Children in the backcountry also dressed differently from youngsters in other parts of British America. They were allowed great freedom in articles of clothing. “No shoes or stockings,” Charles Woodmason wrote, with his accustomed air of disapproval. “Children run half-naked. The Indians are better cloathed and lodged.”5
These backcountry dress ways were often compared with those of the Indians. But in fact the costume of adult backwoodsmen and women was very different from the breechclouts, tight leggings, and matchcoats of the eastern tribes. It was also highly impractical in the eastern woodlands—“very cold and uncomfortable in bad weather,” Kercheval remembered, and was put aside in time of military campaigning, when according to Kercheval young Europeans tended to copy the more functional clothing of their Indian counterparts.6
Later generations remembered this backcountry costume as aboriginally American—the pioneer dress of the frontier.
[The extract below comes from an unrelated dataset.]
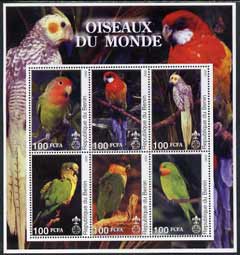 Benin 2002 Parrots perf sheetlet containing set of 6 values each with Scout Logo unmounted mint, stamps on birds, stamps on parrots, stamps on scouts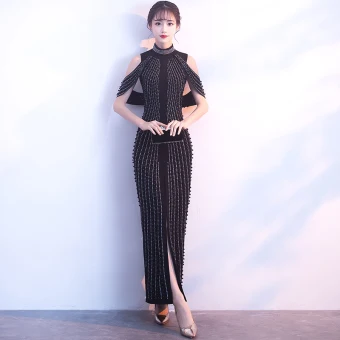 Chic Beautiful Black Evening Dresses 2017 Trumpet Mermaid Beading Crystal High Neck Sleeveless Ankle Length Split Front Formal Dresses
But it was not worn on most frontiers, and was not invented in America. It was similar to dress ways described by travelers in the north of England, the lowlands of Scotland and northern Ireland. This male costume in the British border country was very similar to that which would be worn in the American backcountry—the same linsey or leather shirts, the same broad cut across the shoulders and chest, the same horizontal seams, the same heavy stress on masculinity, the same “drawers” and trowsers, the same leather stockings. Leather shirts and leggings were not frontier inventions. They were commonly worn throughout the borders in the eighteenth century. The account books of one Cumbrian yeoman recorded the cost of covering his legs in sheepskin leggings.7 Another bought gaiters which he called “leather stockings” at Carlisle in 1742. That phrase, which American writers such as Cooper tied to the frontier, was in fact a common north border expression. The distinctive dress of the American frontiersman was adapted from the customs of the British borderlands in all respects except the moccasins and coonskin cap.8
Equally striking were the similarities in women’s costume. One English traveler from Cheshire noticed on a trip to the lowlands of Scotland in 1639 that older women wore a “garment of the same woolen stuff whereof our saddlecloths in England are made: which is cast over their heads, and covers their faces on both sides.” He also observed that “young maids not married are bareheaded,” and “ancient women” wore “a broad boungrace coming over their brows.” A boungrace was a cloth shade or curtain attached to the front of a woman’s bonnet. It was also worn in the northern counties of England, and called an “Ugly” in Northumberland.9
Children’s costume on the borders was also much the same as in the backcountry. On the borders, children normally went barefoot, just at they did in the back settlements. One observer wrote that they tended to leap “as if they had hoofs, but it is almost the same all over the north.”10
These various dress ways spread through the southern highlands and onto the southwestern frontier. Many elements survive to this day, in the clothing style that is called “western dress” in the United States. Derivative forms also appear in the stage costumes of country-western singers, and in the wardrobes of back-country presidents such as Lyndon Johnson and Ronald Reagan. They may still be seen in the ordinary dress of men and women throughout a broad region from Nashville to Dallas. The whirl of fashion has modified this costume in many ways with the introduction of Spanish elements in the nineteenth century and a touch of Hollywood glitz in the twentieth. But strong continuities linked the costume of North Britain in the seventeenth century to backcountry dress ways in the eighteenth century, frontier fashions in the nineteenth century, and “country western” clothing today.